What if he had died? What if I had been on another part of the pier? What if nobody had seen him fall in? What if? That was too terrible a thought to entertain, and too ugly to look at for long. If Miles had died that day I’m not sure I would have had it in me to come back to the house. I would have wanted to seal the place off and never go there again. I can’t imagine the pain of seeing his bath toys gathered quietly near the drain, or his pajamas hanging out of the side of the hamper, or the spot near the front door where he had scribbled on the wall, or that bookmark he had given me. My life came all too close to being divided into before and after we went to that lake.

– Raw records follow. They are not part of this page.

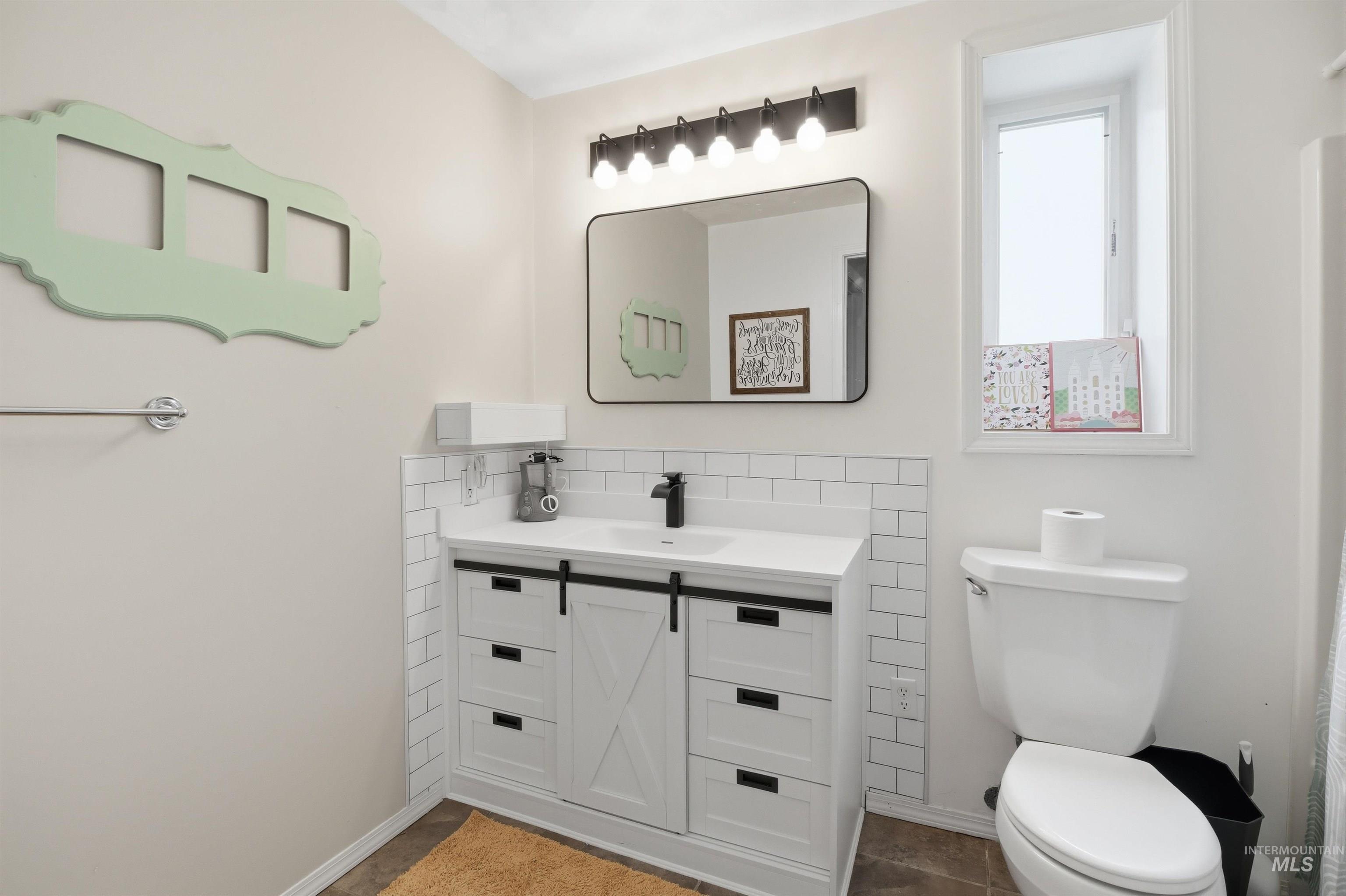 237 Sunrise Dr, Moscow, Idaho 83843, 5 Bedrooms, 3 Bathrooms, Residential For Sale, Price $719,000,MLS 98980475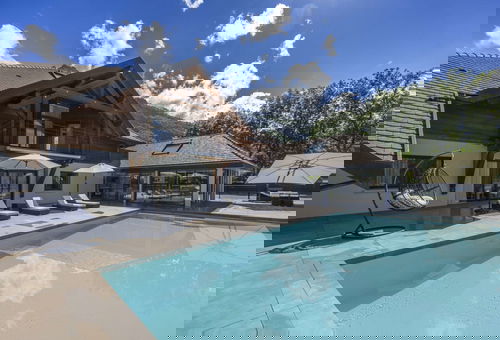 Exceptional villa accommodating up to 10 people.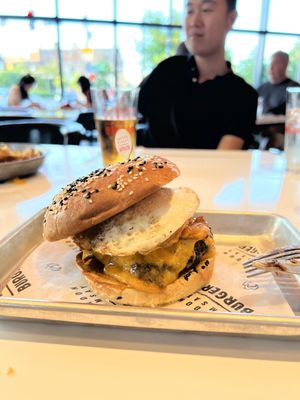 Gordon Ramsay Burger - Boston by null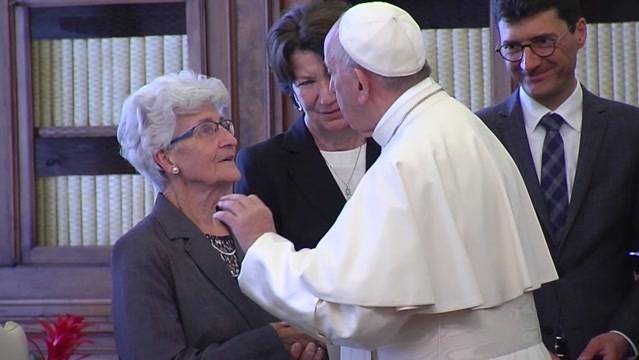 Leuthard-Mutter beim Papst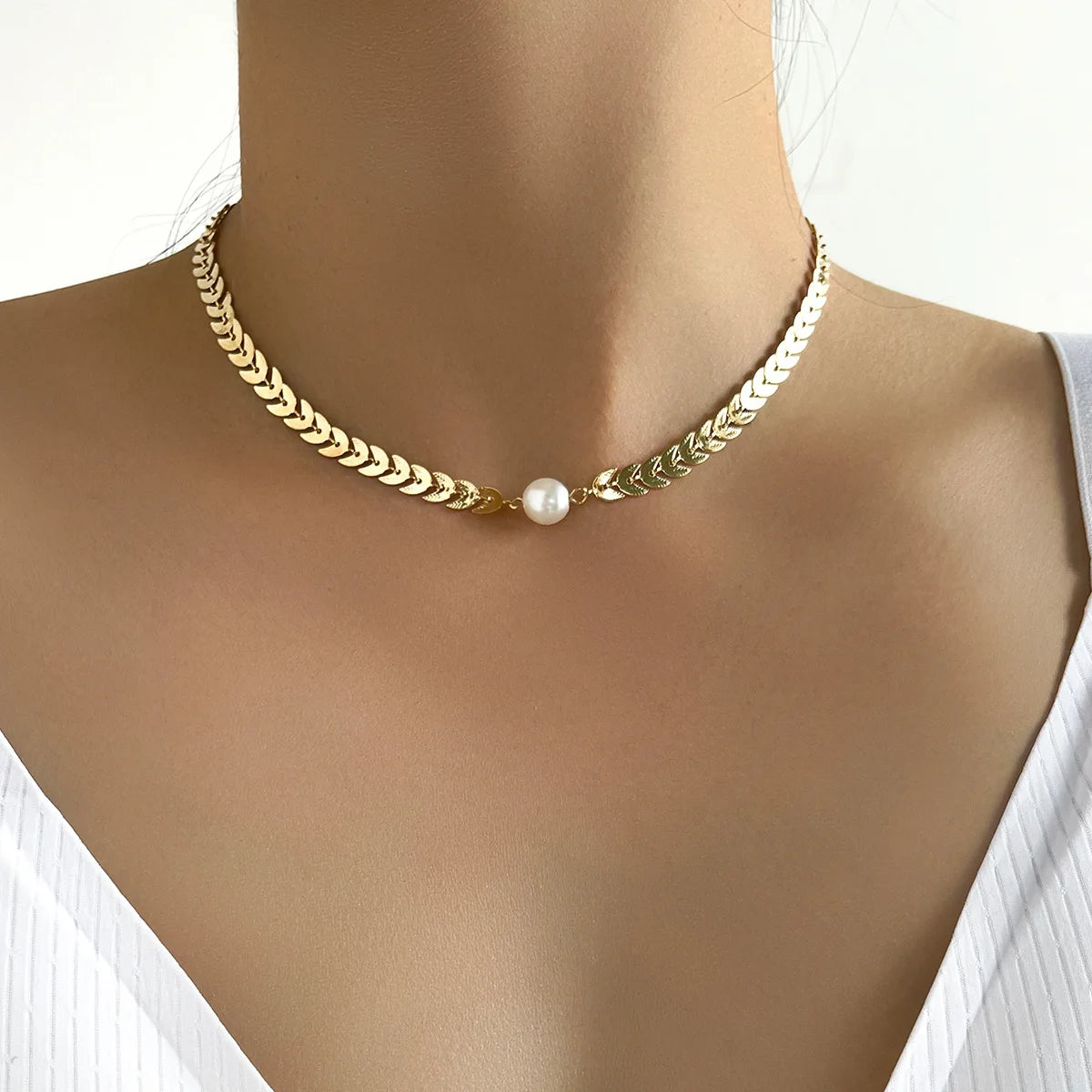 Multi-Layer Emerald Green Pearl Necklace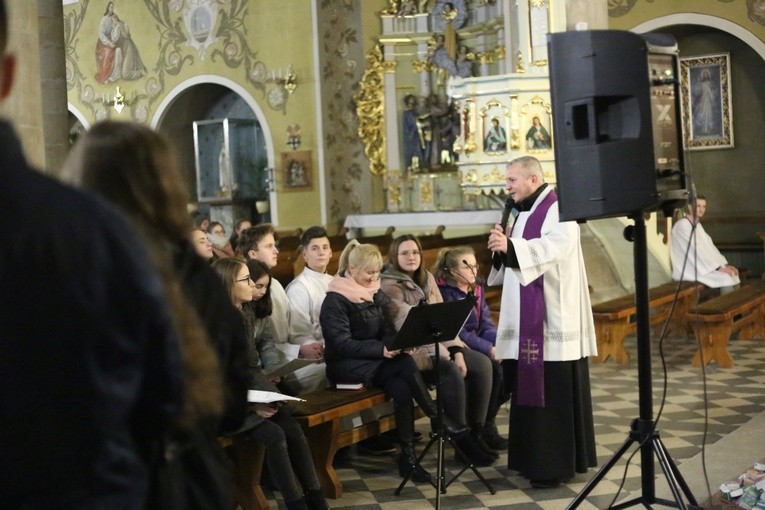 Czuwanie młodzieży w Ołpinach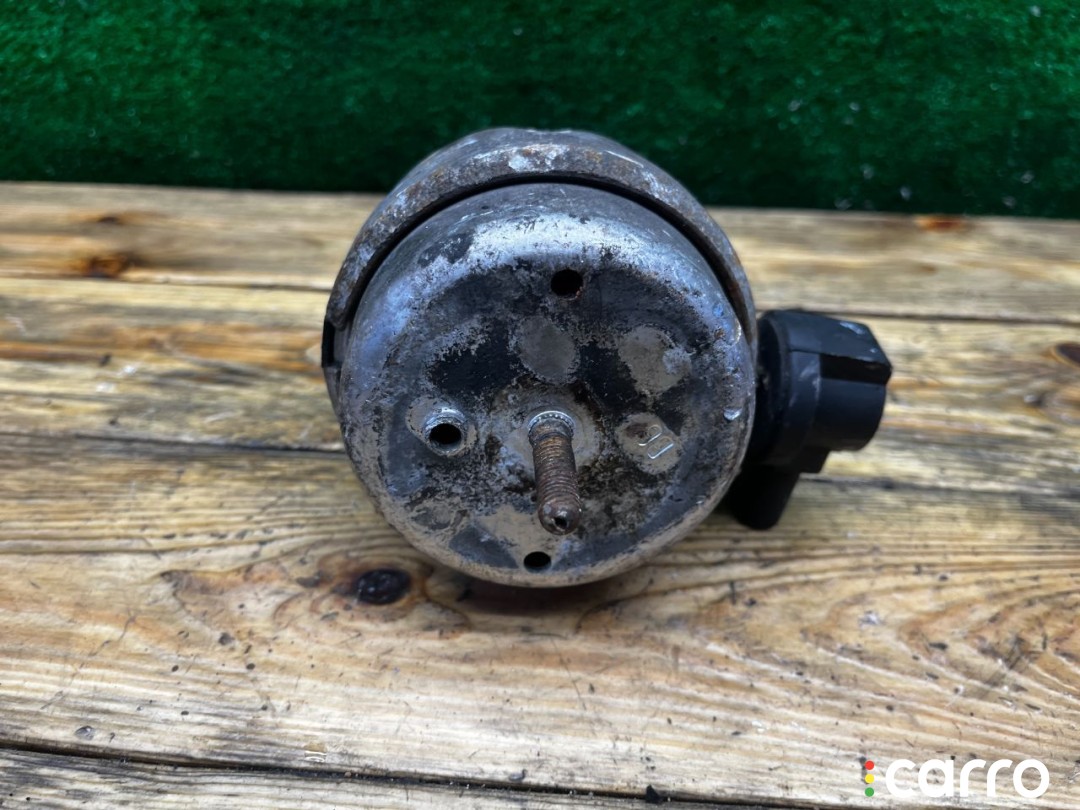 Подушка крепления двигателя Volkswagen Passat 1996-2001, 1.9 л, дизель, 8E0199379M, фото 3
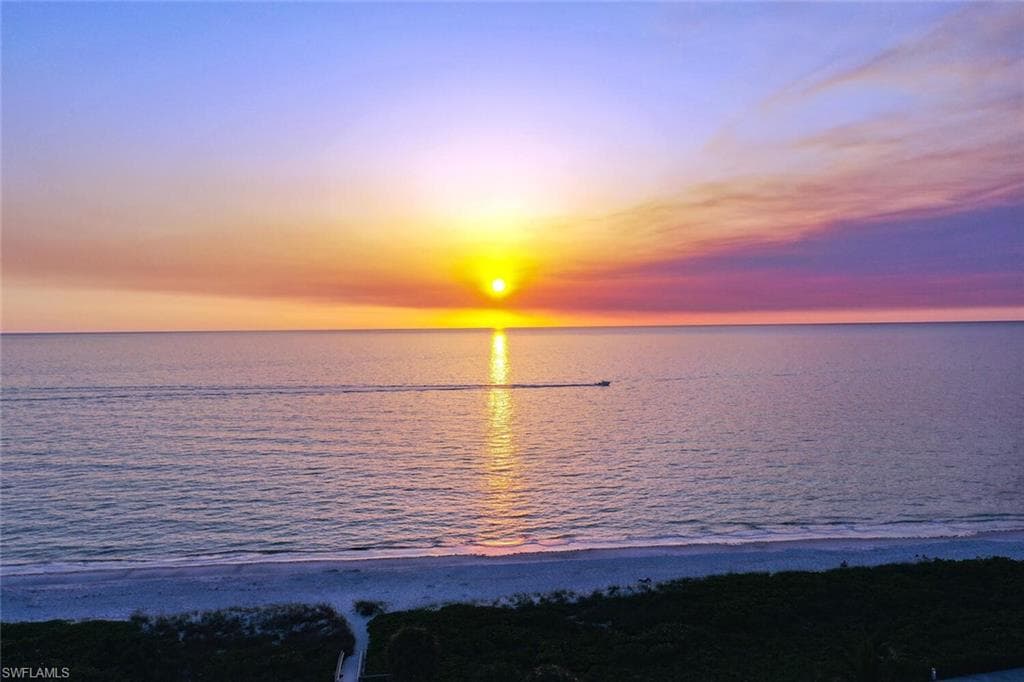 4551 Gulf Shore Blvd #605, Naples, photo 2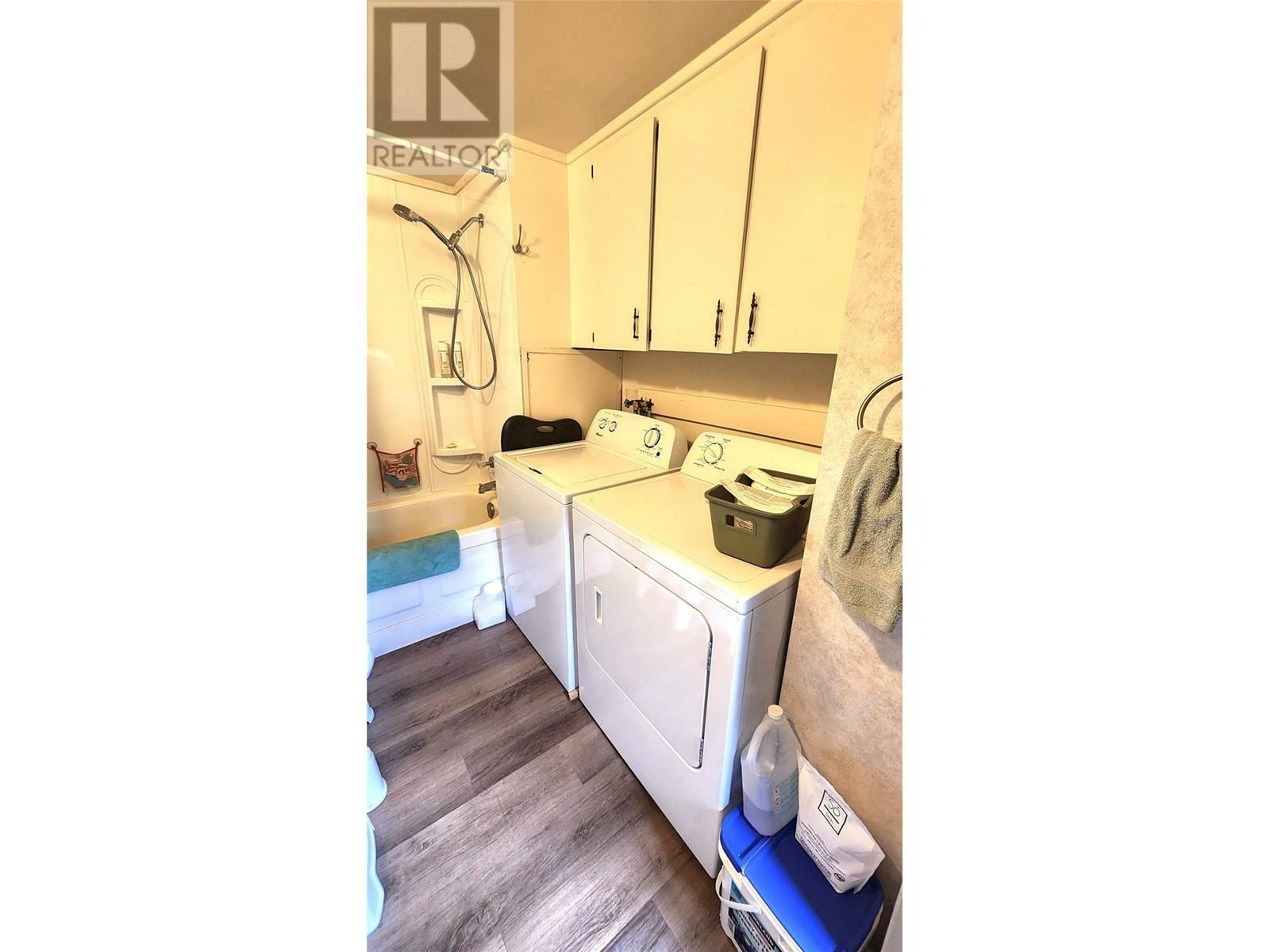 MALAKWA, British Columbia, V0E 2J0, CA, 2 Bedrooms Bedrooms, ,Residential,For Sale,1839032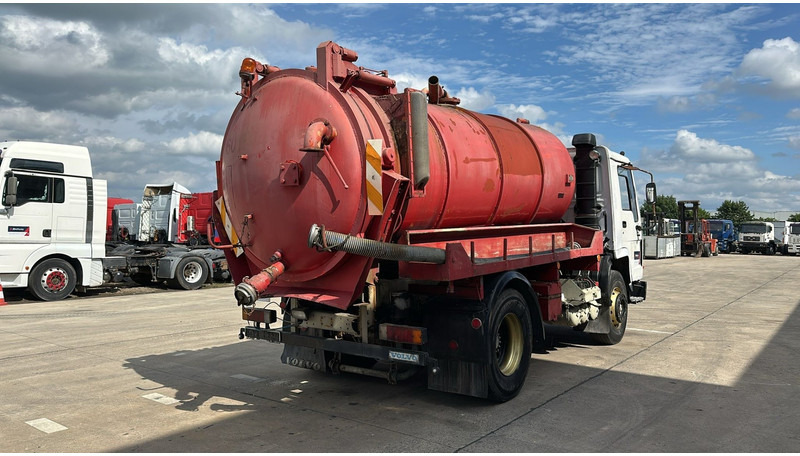 Volvo FL 10 - 280 (12.000L / POMPE MANUELLE / MANUAL PUMP / BOITE MANUELLE / MANUAL GEARBOX) - Vacuümwagen: afbeelding 5 Volvo FL 10 - 280 (12.000L / POMPE MANUELLE / MANUAL PUMP / BOITE MANUELLE / MANUAL GEARBOX) - Vacuümwagen: afbeelding 5
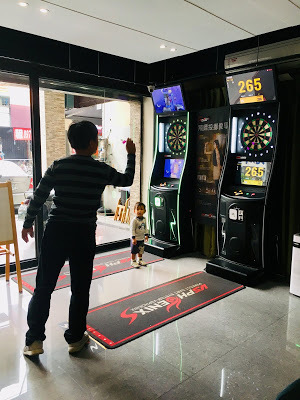 [高雄生活] 桌癮桌遊休閒空間｜高雄最大桌遊店，高達600多款桌遊任你選，適合各種年齡層同樂休閒的好地方！
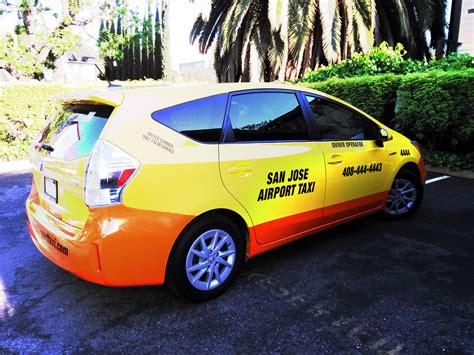 Перевод слова taxi, американское и британское произношение, транскрипция, словосочетания, однокоренные слова, примеры использования. San Jose Airport Taxi Service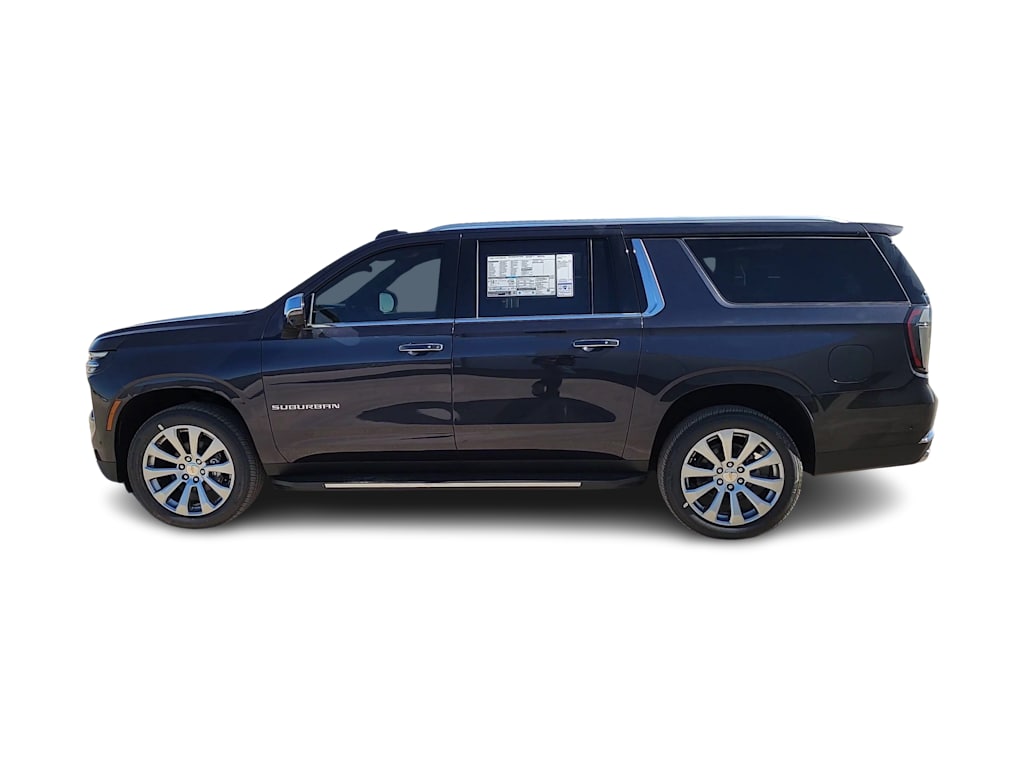 Thumbnail: 2025 Chevrolet Suburban - 3
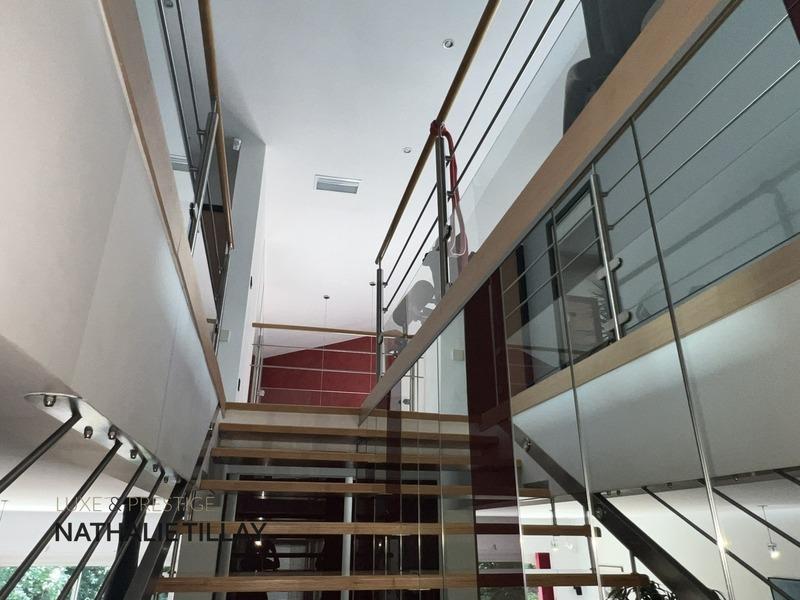 Maison - 201 m² - 7 pièces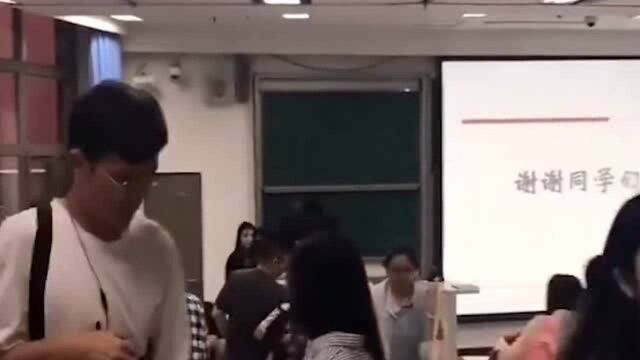 见识一下清华大学的食堂,恕我直言,复读也要考清华!学霸的天堂!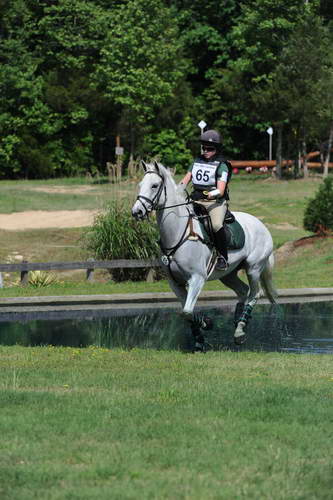 So8ths-5-5-12-XCDay-2511-KaylinMedlin-Watch-Me-Now-DDeRosaPhoto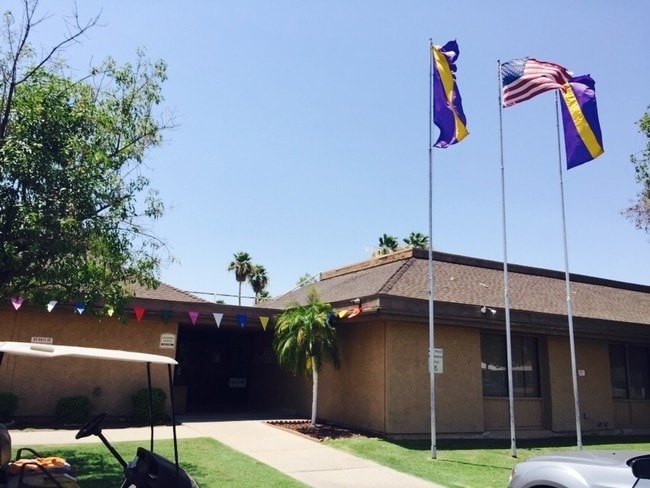 Building Photo - Vista Del Sol  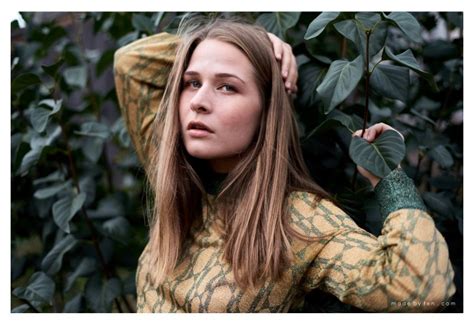 How to Make the Most Money From Selling Your Vintage Clothing - Made by Ten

But he didn’t die. I jumped in after him, found him, and brought him back.

And this is a picture of Christmas.

I had told Miles not to go too near the edge, just as God told Adam not to eat of the forbidden tree, but when Miles fell in I did not stand on the edge of the dock and say, “Serves him right!” No, motivated by a fierce love, I jumped in after him. That was the behavior of a sinful man, how much more could we expect from the God who is love and righteousness. When all of mankind fell into a place of dark separation and death God jumped in after us as well.

Christmas is a celebration of the moment when Jesus jumped in after us.

Miles was powerless to save himself. He could not swim. He needed someone to come to him, find him in the cold and the dark, and deliver him back into the light. This is also a picture of our condition when we were saved. We were cut off. Hopeless. Helpless. Utterly lost in the darkness. We had neither the wisdom nor the power to move toward God, but he came to us. That coming to us is Christmas!

This is what Luke 1:78-79 says, speaking of Jesus, “…because of the tender mercy of our God, whereby the sunrise shall visit us from on high to give light to those who sit in darkness and in the shadow of death.” Colossians 1:12-14 says, “…giving thanks to the Father, who has qualified you to share in the inheritance of the saints in light. He has delivered us from the domain of darkness and transferred us to the kingdom of his beloved Son, in whom we have redemption, the forgiveness of sins.”